That young women realize their need and are anxious for any help is shown by these letters. From New York a girl writes, "I am twenty-two years of age and as yet know nothing about the mysteries of life, and I am beginning to worry about it as I am keeping company with a young man and expect to become engaged to him. I know nothing of what is expected of me when I get married and I know there are a number of girls just like me and that they are worried, too."
From a girl in Seattle came this letter, "No one ever told me about this wonderful body of ours and that God made it in his likeness for his glorification. When I asked where the babies came from, I was told the doctor brought them in his case. One day I saw a boy and girl about eight years of age doing wrong, and thought nothing of it when my brother, who was fourteen while I was six, proposed that we do likewise. This was kept up until I was somewhere between eleven and thirteen, when I was converted and it occurred to me that this was not the right thing to do, but I never dreamed that I would suffer so these ten years, as I am twenty-three now. Only in the last few years I have learned how God made these organs for the marriage relation only and how life was formed. I would go to my mother for this information but I know it would break her heart and I am afraid she could not tell me what I want to know. I would not write this but I am deeply in love with a Christian man, and I could not marry anyone until I know about this matter. I often have made a vow I never would marry anyone, but this love came to me before I could help myself, and as he told me of his love I would not allow myself to let him know I care as much as I do. Kindly tell me if anyone who has abused her organs while so young could make a good wife or become a mother, and can these marks of sin be removed?"
Another young girl writes, "It is just as you say, ignorance is the root of evil in many cases such as mine. I have come to you for help, information and advice. I have taken that fatal mis-step you write about, but no one knows it besides myself and this man. He dare not speak of this. He is very wealthy and influential. After reading your article I found that you were the one to go to and make a confession. I never have been warned or told of these dangers and now it is too late. I am a young girl, eighteen years old, and have a lot of men friends because I am considered attractive, but none of them have ever said one word out of the way to me except this one and I yielded to the tempter. I know I have done wrong, and now am trying to atone for it by being awfully good. Now, what I want to know and want you to tell me is this, 'Can I ever marry a decent, respectable man without him knowing of this affair?' There is a young man very much devoted to me (and I can assure you it is mutual) who several times has asked me to marry him. I am afraid to give him an answer. I cannot ask anyone else this question for the simple reason that I am not sure whether they will tell me the truth or whether they really know."

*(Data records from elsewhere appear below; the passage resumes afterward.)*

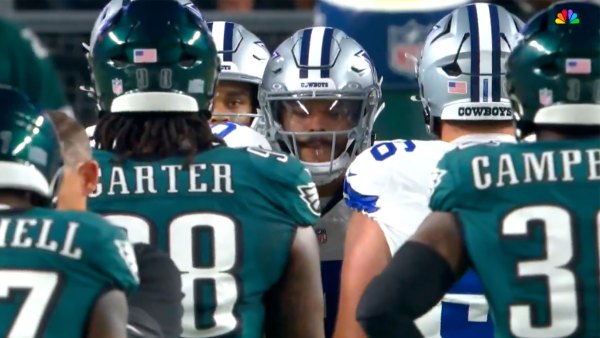 Feature Dak Prescott Responds After Video Shows Him Spitting Near Jalen Carter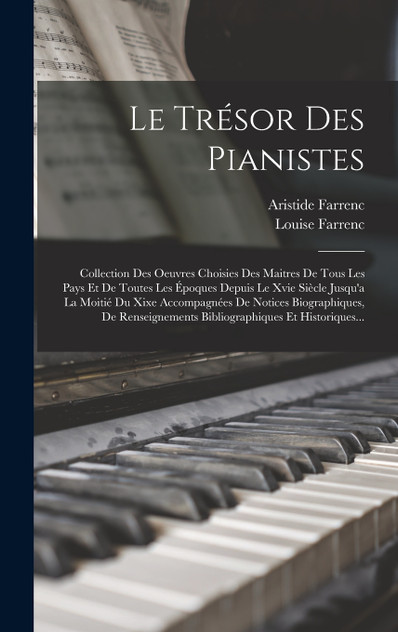 Le Trésor Des Pianistes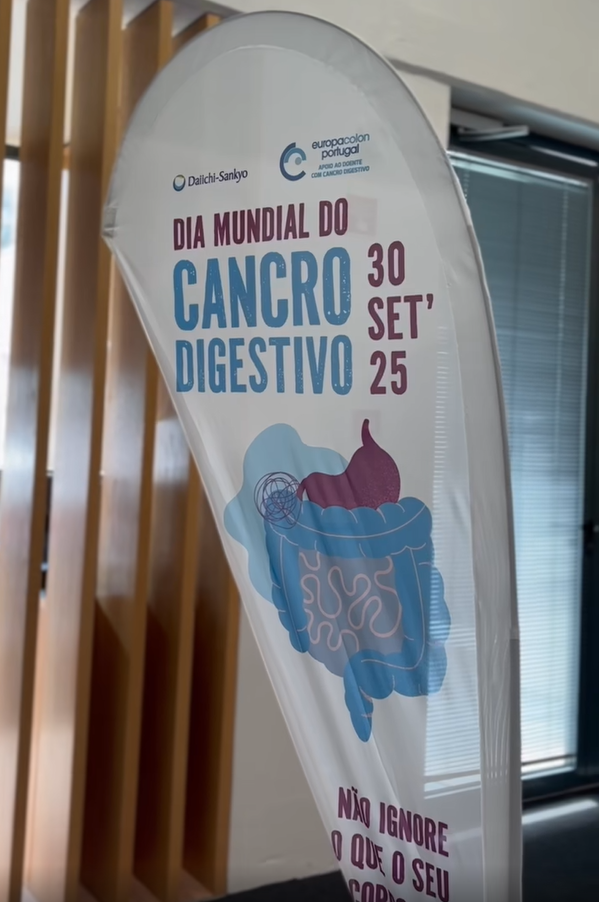 Dia Mundial dos Cancros Digestivos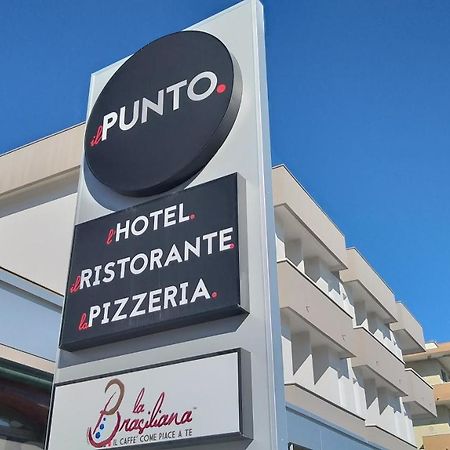 Hotelristorante Il Punto Marotta Exteriör bild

Both these girls were fortunate that they did not have any serious consequences from their mis-step. Too many girls make only one mis-step and as a result become pregnant or else contract one of the black plagues. This week I have received several such letters. Laying aside all moral points, it is too much risk for any girl to run.

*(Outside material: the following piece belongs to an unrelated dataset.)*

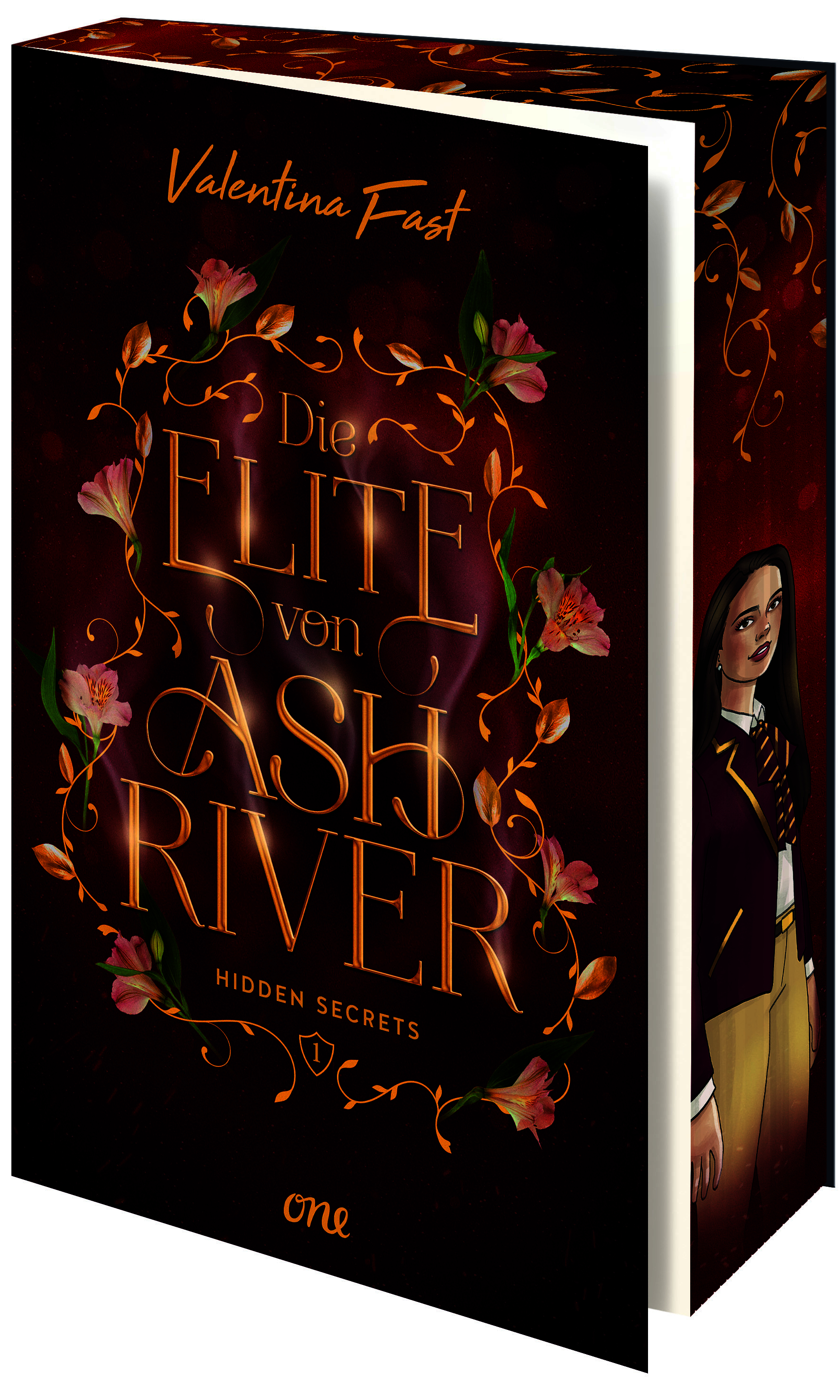 Anderes Coverbild Die Elite von Ashriver - Hidden Secrets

Unfortunately a great many girls in their ignorance do make a mis-step. That is no reason why they should not marry. We must take into consideration the fact that the young man in question probably has made several of these mis-steps. He should not expect his prospective wife to be any stronger to resist temptation than he has been. If this were an ideal world, all men, as well as all women, would be pure, but until the millennium comes we must take things as they are, and proceed from that standpoint. But because a girl has erred through ignorance is no reason why she should be doomed to everlasting punishment in the shape of social ostracism or being denied the happiness of having a home and children.